小雨咧著嘴笑的很開懷,一臉讚同地說:“直到現在我媽都改不了口,一到過年他們來我家拜年的時候,我媽就說,給你表哥準備幾根大骨頭就可以了,至於你表嫂嘛,不用管她,臨走的時候,不知道她吃了什麽,反正是已經飽了----------我只是在開玩笑,我表嫂人很好的,就是有點醜。“

“呵,你說這話真不客氣。”

“我說的是實話啊。我表哥可是個帥哥,不過我表嫂人家也是博士在讀,當初追人家可費勁了,人人都說,博士女眼睛長在頭頂上,幸好我表哥個子高,我表嫂看他的時候,就跟看天似的,天底下再也找不到比他們外表更不搭調的夫妻了,可就偏偏對上眼了,真奇怪。”

“這就叫情人眼裏出西施。”

“你說得對。”小雨接口說,又補了一句:“你就是我的西施。”

高杉明白他的意思,幾個星期沒見,這一聚,高杉明顯地發現了小雨行為上的轉變,不是冷淡了,而是更加熱情了,這意味著什麽,高杉當然清楚,相處快三個月了,在這個性文化和麥當勞一樣的快餐時代,小雨當然不會例外。

高杉沒有搭話,而是把頭轉向玻璃箱中望著裏面人工搭配的海水,心想小雨是個不錯的男人,身體所透出的性魅力可比他的年紀來說大多了,想到這兒,高杉發現自己並不是璞玉一塊,也有著正常女人都有的欲望,這讓她感到有些害臊。

“對了。剛剛你還沒回答我的問題呢。”高杉把話題一轉,引到別的地方去。

“什麽?什麽問題?”

“你的未來啊,雖然你現在大二,可是也已經是個成年人了,應該為以後考慮了吧?”

“那倒是真的。”小雨撓撓頭,嘆一口氣,顯得有些摸不清高杉的實際態度,此刻只不過是就題回答:“這事也常常困擾我,我是學電力學的,跟我爸一樣,可能以後也會和我爸一樣,當一名老師吧,至少我爸是這麽給我安排的。”

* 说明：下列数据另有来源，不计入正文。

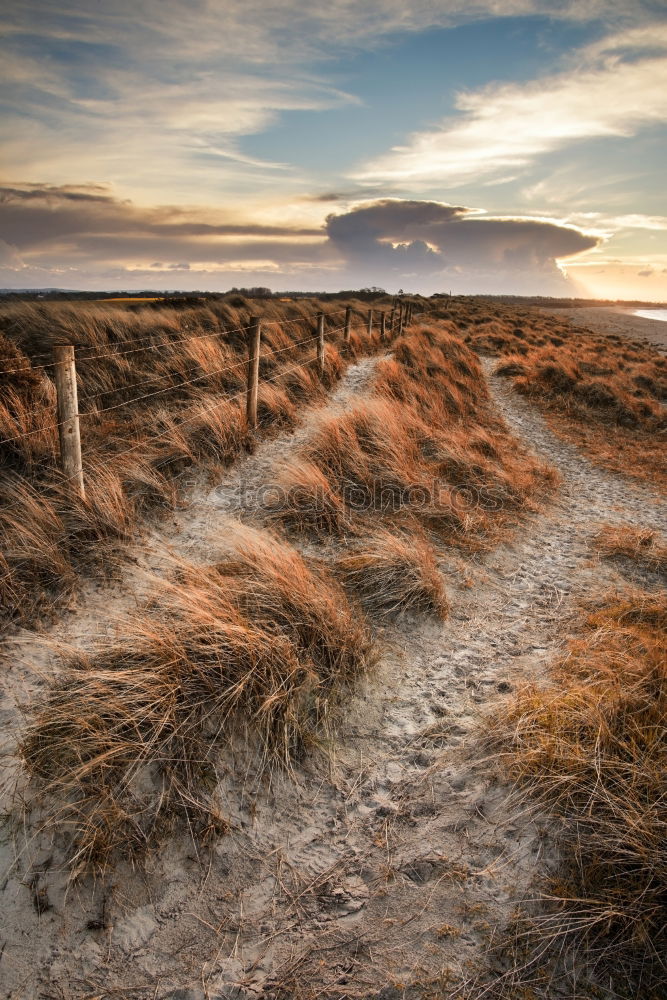 Similar – Image, Stock Photo Field path in Peak District, England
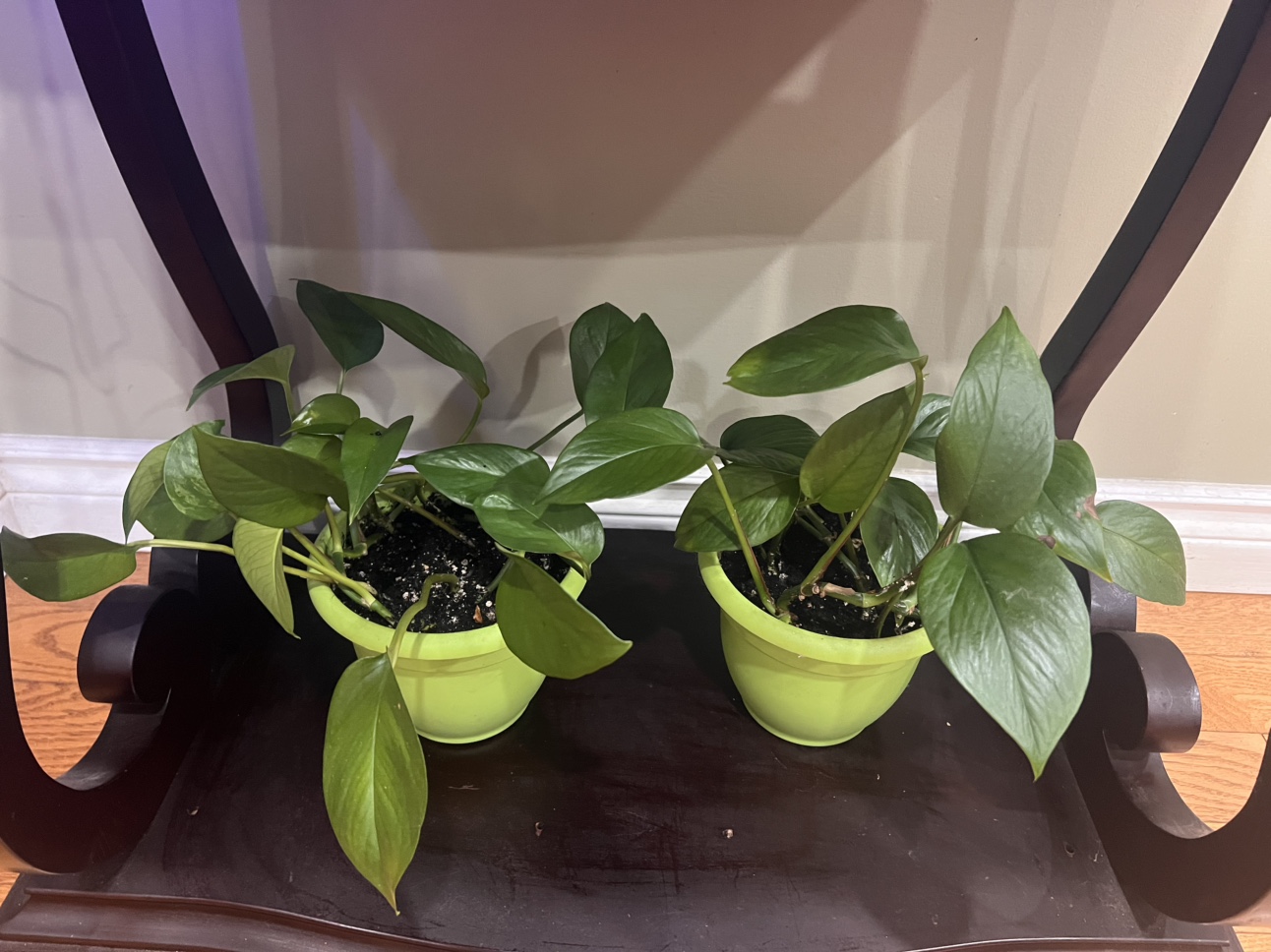 2x Pothos Plants in self watering pots - photo 2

“走父親的路子其實也是不錯的,因為這樣可以避免許多彎路。”高杉淺淺的笑著,淡淡鼓勵道:“再說這也是一個好理想啊,好好努力吧,不過說真的,高中的時候我理科成績可是差的很厲害的,特別是物理,否則得話我也不會學了文。”

“物理很簡單啊。”小雨誠實地說。

“是啊,畫畫也很簡單的,可是你不也覺得很頭痛嗎?”高杉笑著反問道,覺得剛剛小雨的那個樣子十分的招人喜愛。

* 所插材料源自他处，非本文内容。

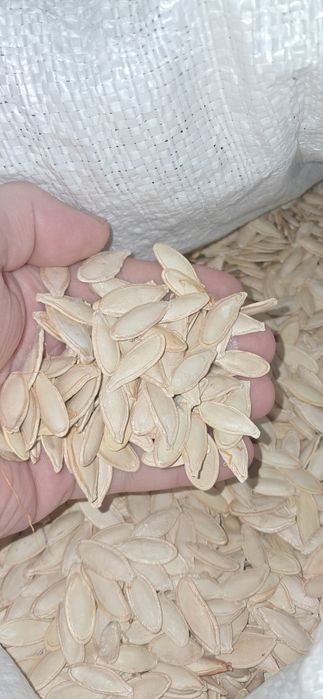 Насіння гарбузове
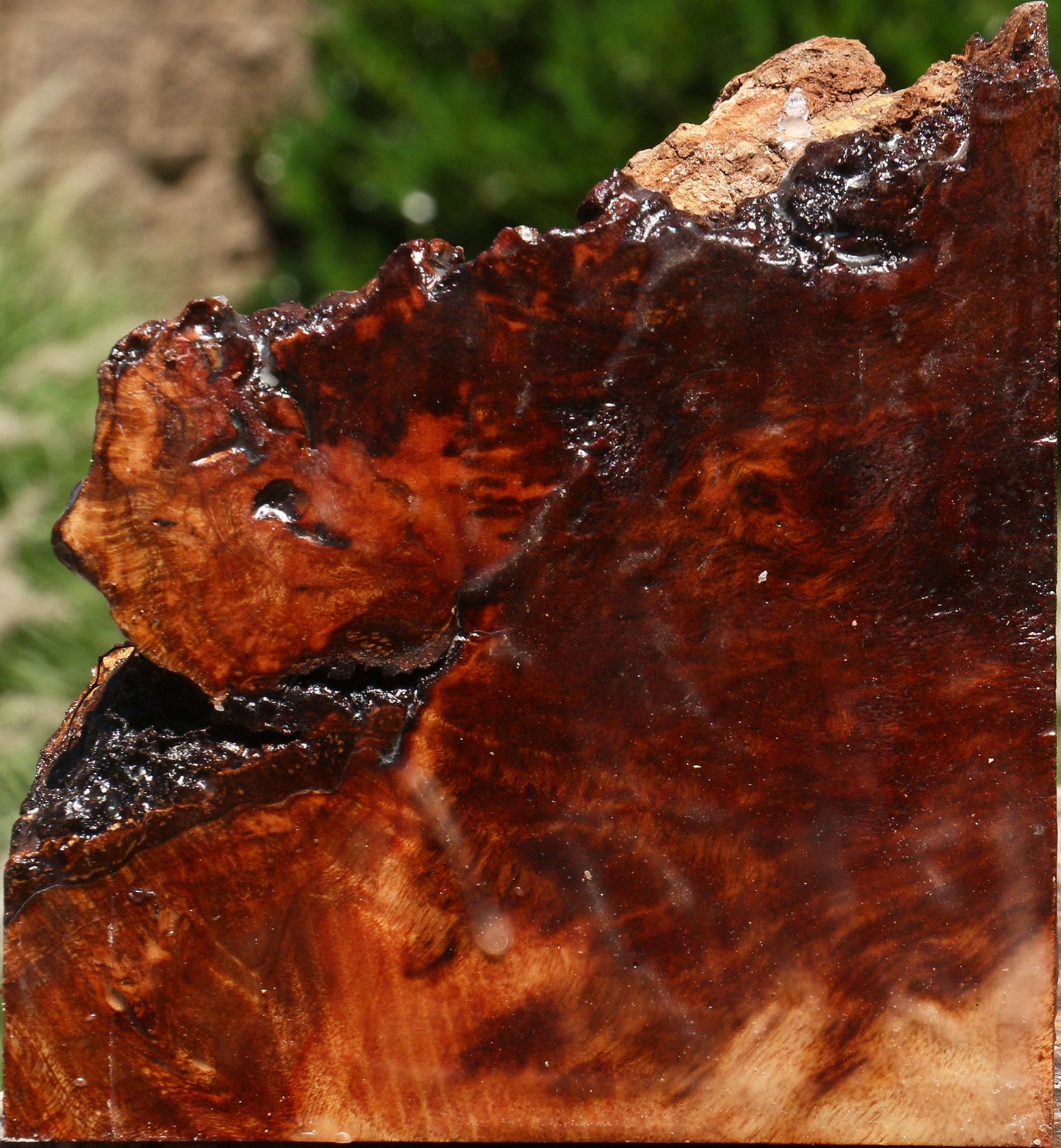 Rustic Camphor Live Edge Turning Blank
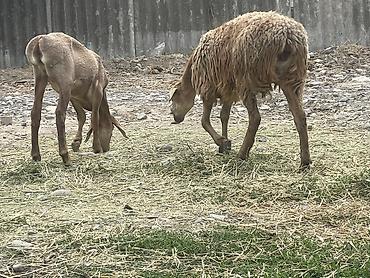 Баран, овца: Продаю | Овца (самка) — 9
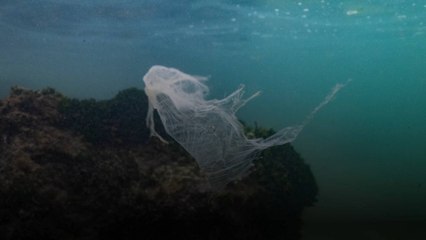 Pollution plastique : les représentants de 175 pays tentent de parvenir à un accord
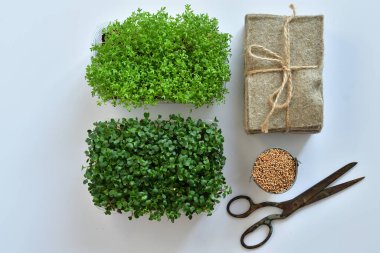 Tohumlar ve mikroyeşil, beyaz arka planda keten örtüler. Bitki yetiştirmek için doğal bir temel. Pencere kenarında vitaminler. Vejetaryen ve sağlıklı süper yiyecekler. Seçmeli odaklanma. en üstteki görünüm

“這有什麽辦法?”小雨一臉無奈的說:“我家八輩子就沒出過一個搞藝術的,這只能說明我們家裏沒有這根弦。”

“這有什麽好難過的?”高杉明明就知道小雨在為什麽難過,可她卻沒有說出來,她的本意也並不是如此,只不過之前小雨的話打亂了她的思緒,一時間忘了她本想說的話題,於是高杉只能裝出一副安慰的樣子,然後順著通道向前走去,她聽到小雨兩步當成一步邁,趕了上來,就又問道:“我說小雨,你曾經跟我說的你沒有交過女朋友是騙我的吧。”

“沒有啊。”小雨睜大眼說:“真的------”

“騙人!和你相處這麽長時間了,我發現只要你一說謊,你的眼睛就會說出實話來。”

小雨頓時被高杉的話馴服了,耷拉下腦袋一臉抱歉。他說:“對不起,我當初說謊也是希望你不要把我當成一個用情不專的人。”

“怎麽會呢?”高杉笑笑,帶著點開玩笑的口吻說:“帥氣男孩如果沒有談過戀愛只能說明兩個問題,一是十八歲前他是個離不開媽媽的乖兒子,二是十八歲以後變成了自戀狂,兩個你都不是,所以說嘛。不過你不是個會說謊的人,這點很難得。”

小雨聽著高杉的話,沈默了一會說:“那你呢?”

“我?”高杉明白他在指什麽,想想便說:“有過。”

人人都說。戀愛中的人有時候是不該誠實的,對於自己的過去,最好還是該隱瞞的就隱瞞,因為人是不完美的,愛情是脆弱的,然而可笑的是,人人卻希望在別人的眼裏自己是完美的,即使只是自欺欺人。可高杉並不這麽認為,她也有著對完美的渴望,只不過她知道自己並不完美,因此她選擇了誠實,那是一種美好的品質,何況是對於愛情。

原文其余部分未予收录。